Through my years of downsizing, I had regularly been taking photos prior to parting with my possessions. Currently, most of these reside on my hard-drive without any labeling. Occasionally, a photo of a particularly interesting find will make its way to my Facebook or Instagram pages.
But then there are the objects that, for some reason, I have difficult letting go of. These are more commonly items that appear to have no great intrinsic worth to anyone else and, yet, meant something to me. For example, I have a collection of t-shirts collected over the course of my adult life. Some are too worn to donate; others would have no meaning to anyone else. Except for a small handful I wear at the gym, I have no real need for them. And yet, despite the fact that I had photographed each one, I haven’t managed to move them out of the house. Some people suggested making a quilt—something that would have required more labor and talent than I had or more expense if I farmed it out. Plus, I didn’t need any more covers or wall-hangings.

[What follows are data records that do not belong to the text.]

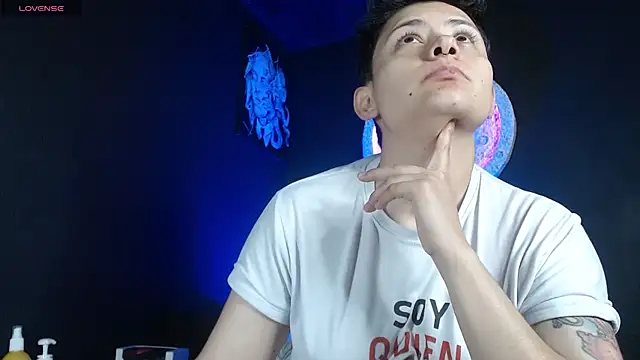 girl intense444 online show from September 12, 12:45 pm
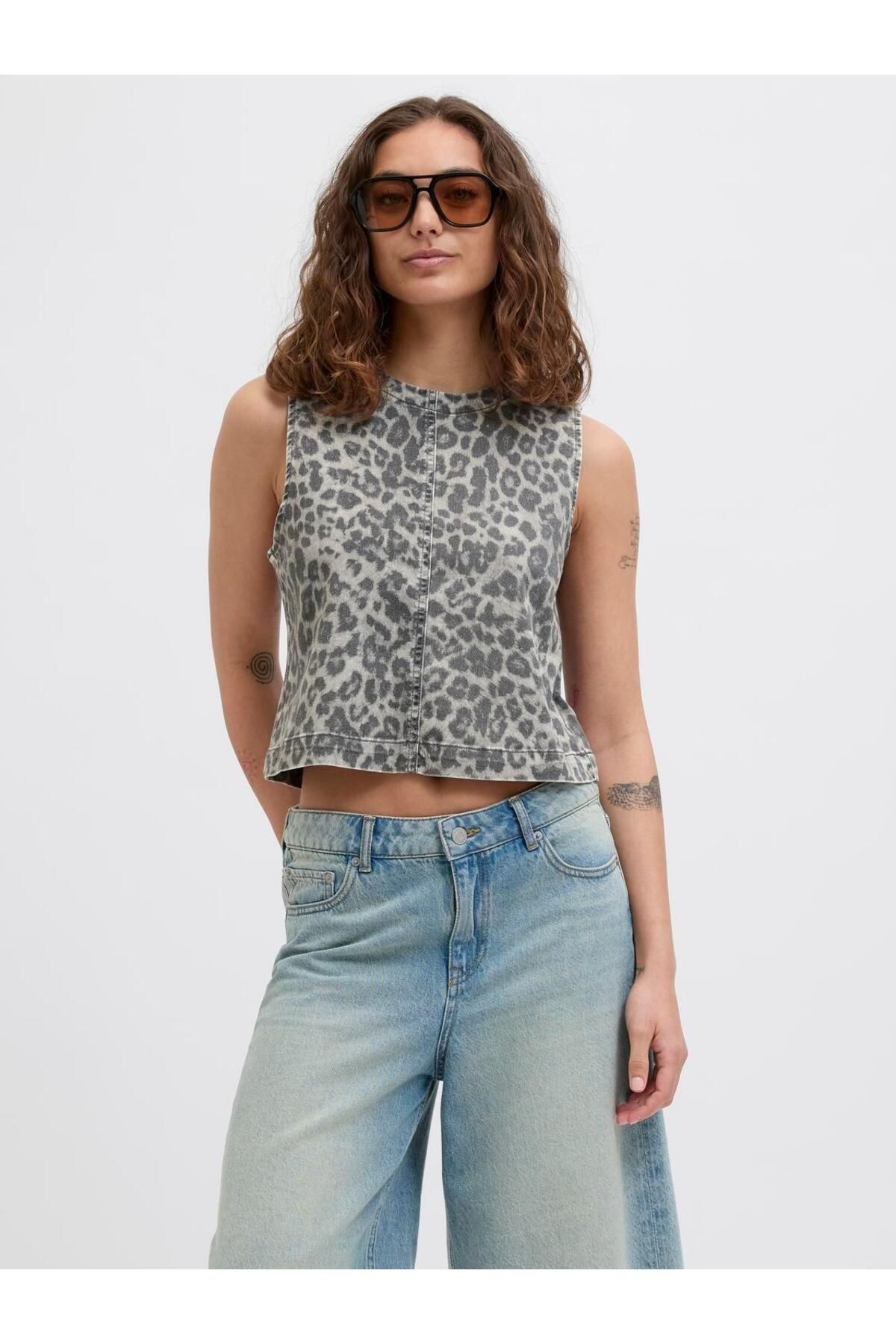 Jack & Jones Kadin Leopar Desenli Kolsuz Bluz - Sarah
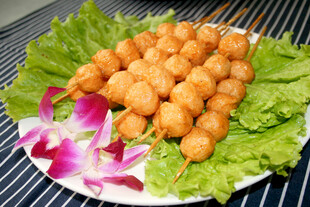 特色香炸肉丸串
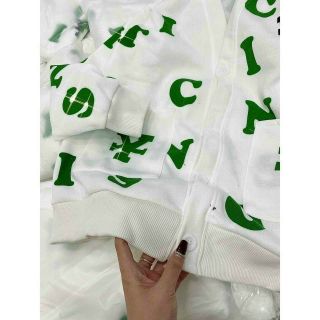 Áo khoác cardigan nỉ in logo nhiều chữ from dưới 70kg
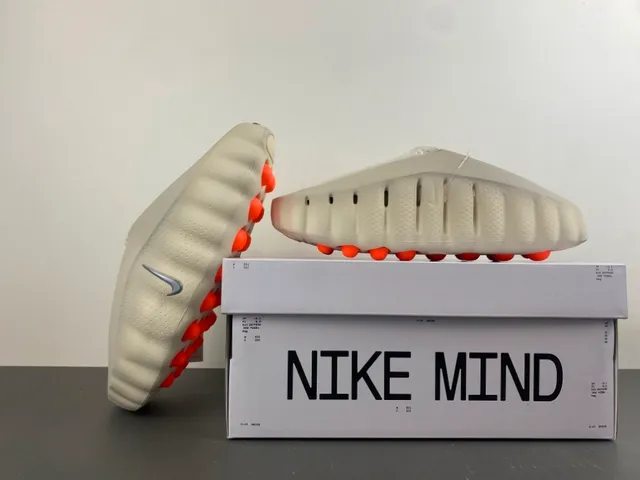 Nike Slide Off-White Perforated Molded Foam Slipper 10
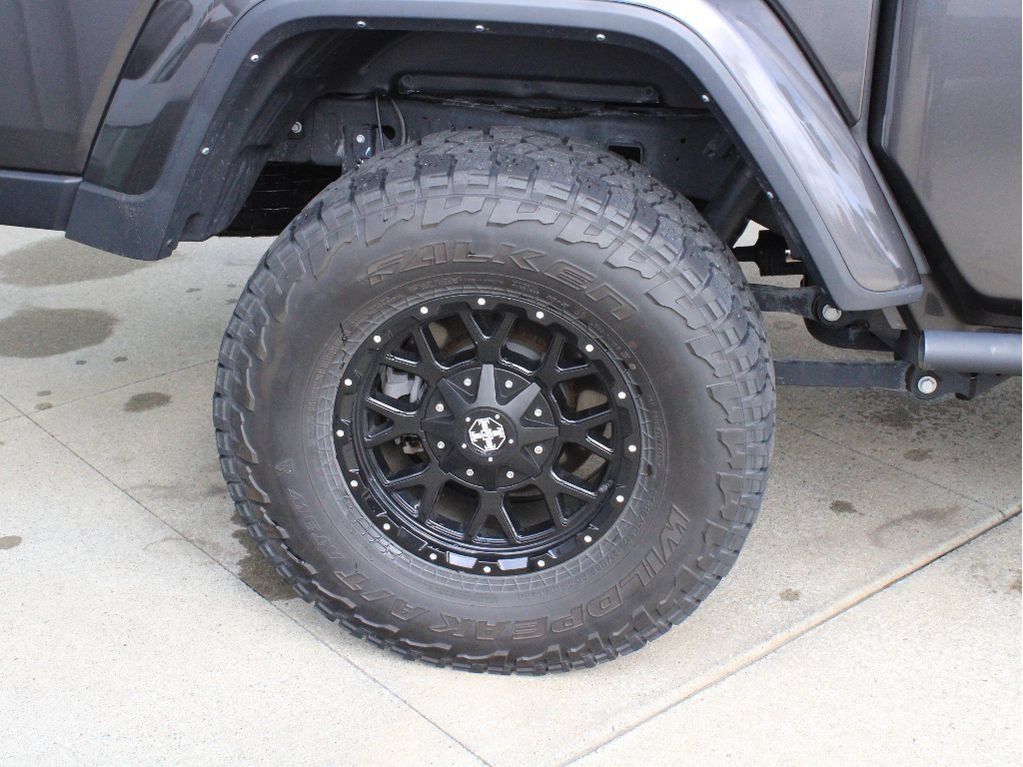 Used 2022 Jeep Gladiator Sport AWD/4WD image 10
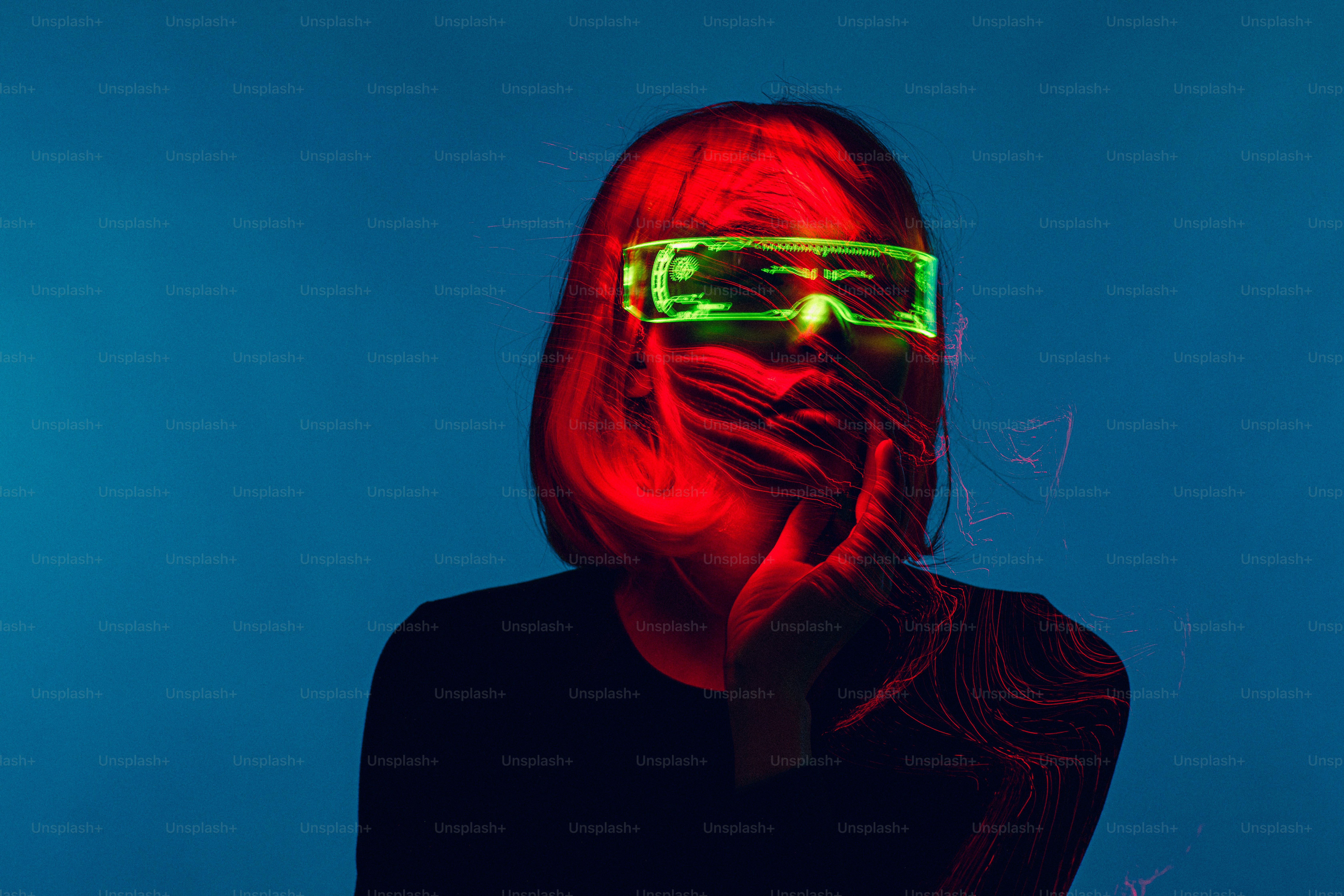 Une femme avec des lunettes néon sur le visage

Then, I remembered that to celebrate my 50th birthday many years ago, I had displayed these t-shirts on a rack and called it “My Life in T-Shirts.” It was a huge hit. I decided to combine the photos with story-telling and create “My Life in T-shirts,” the digital version. I put the t-shirts in some kind of chronological order—not by when I’d purchased them, but more by what they represented in my life and write a paragraph about each one. Nothing big. Over time, I began posting these to my Facebook page, but I also have a narrative with photos that I keep for myself. It's not a complete life story, of course, as its viewed through the lens of a particular kind of object--in this case the t-shirts in my collection. But the exercise is rewarding and allows me to let go to the physical object.
Here is an example:
T-shirt #5. London. For years, London was a second home. My mum was born there, my sister moved there after art school, and my parents retired there while I was still in college. The summer I was 20, I worked at in the woolen fabric department of Liberty’s of London and had a Finnish boyfriend. My first teaching job was in Crouch End in the London Borough of Haringey, where I lived in a flat with the bathtub in the kitchen and some very aggressive pet rabbits in the yard. After that, I would return once or twice a year to visit until the members of my nuclear family passed away, and I've probably been there more than three dozen times. As for the iconic "underground" pictured in the t-shirt, I once knew where all the quick changes between lines were. Alas, no more.
This concept can apply to other kinds of objects that help to tell your life story. I recently removed the last box of items from my storage unit (a whole other saga) that I had not gone through—all the various music books, song books, and sheet music from years of lessons and singing. My musical talent is average at best—I never successfully learned to play any of the many instruments I studied—piano, recorder, guitar, harmonica, banjo, but I always loved singing, and these relics say something about my interests over time. I’m thinking about “My Life in Musical Instruments and Songbooks.”
How about:
What would your favorite “My Life in…” stories be?